Set every record down again exactly. Do not carry over the pictures.

◆ RECORDED DATA:
____

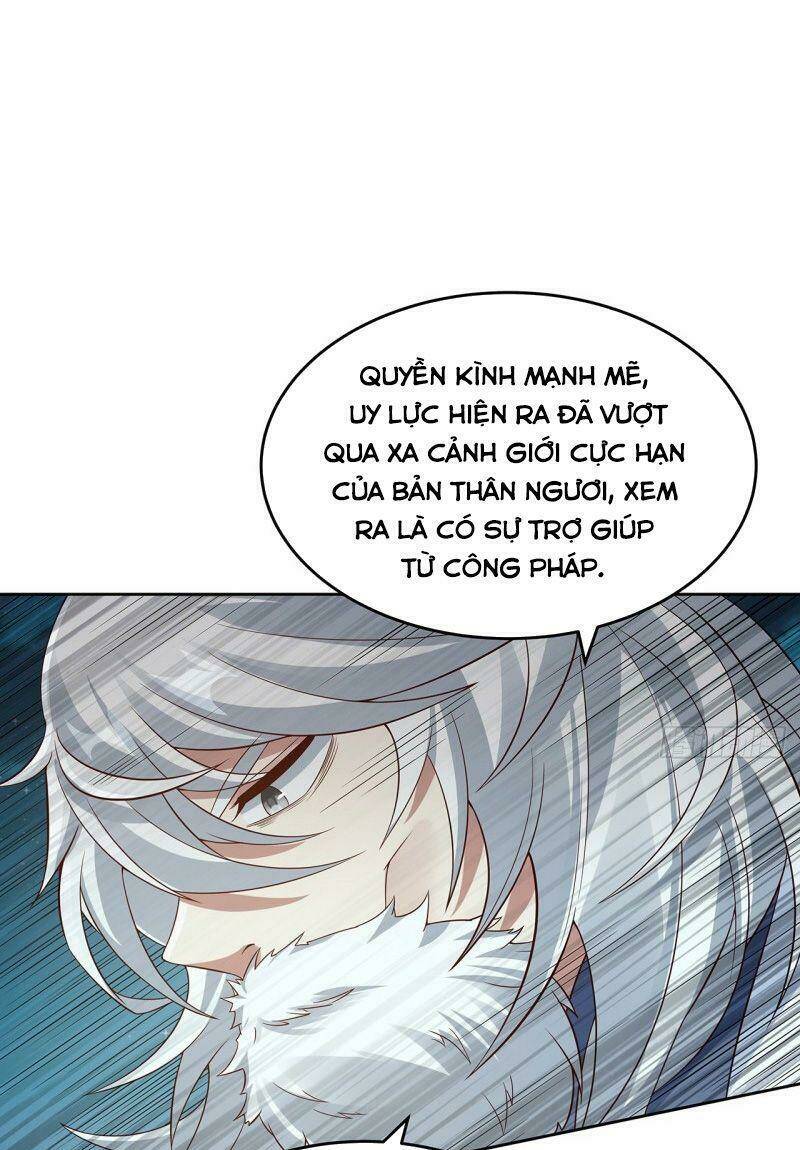 Chương 116 - Trang 30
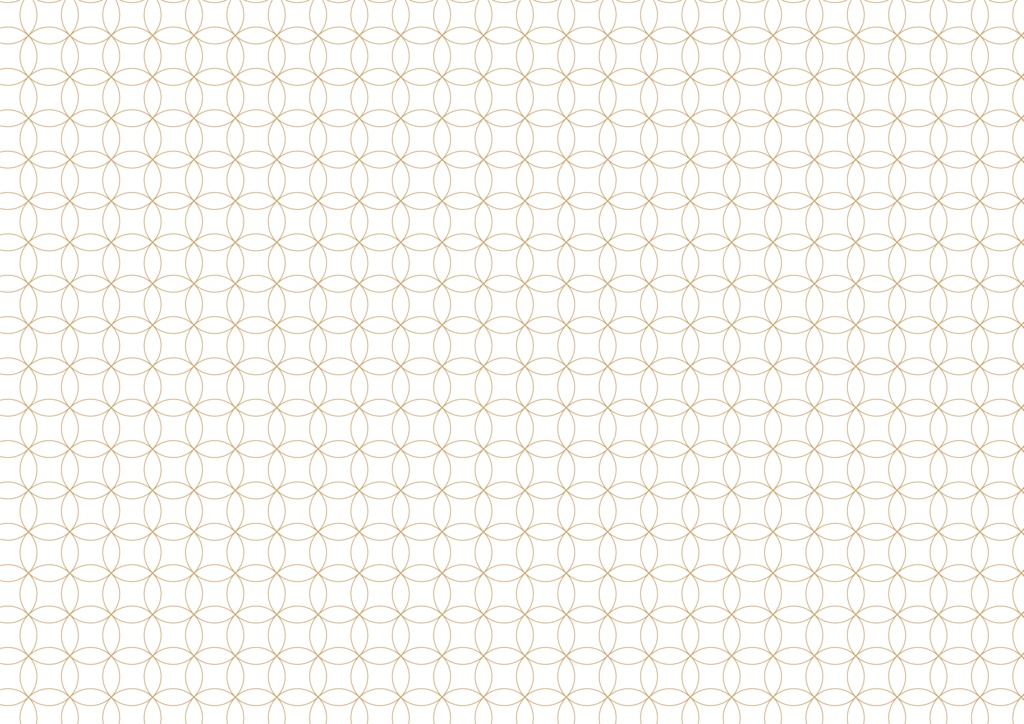 和風文様 組子デザイン8種 aiデータ付 BOOTH限定価格 商用利用可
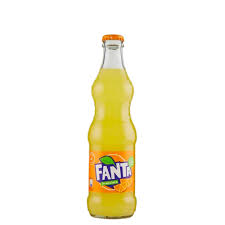 FANTA VETRO VAP CL33X24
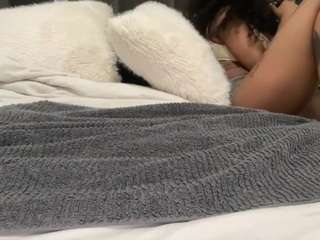 misskellyy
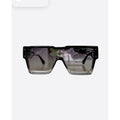 Louis Vuitton Cyclone Sunglasses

____

◆ ANSWER AREA:
 Chương 116 - Trang 30
 和風文様 組子デザイン8種 aiデータ付 BOOTH限定価格 商用利用可
 FANTA VETRO VAP CL33X24
 misskellyy
 Louis Vuitton Cyclone Sunglasses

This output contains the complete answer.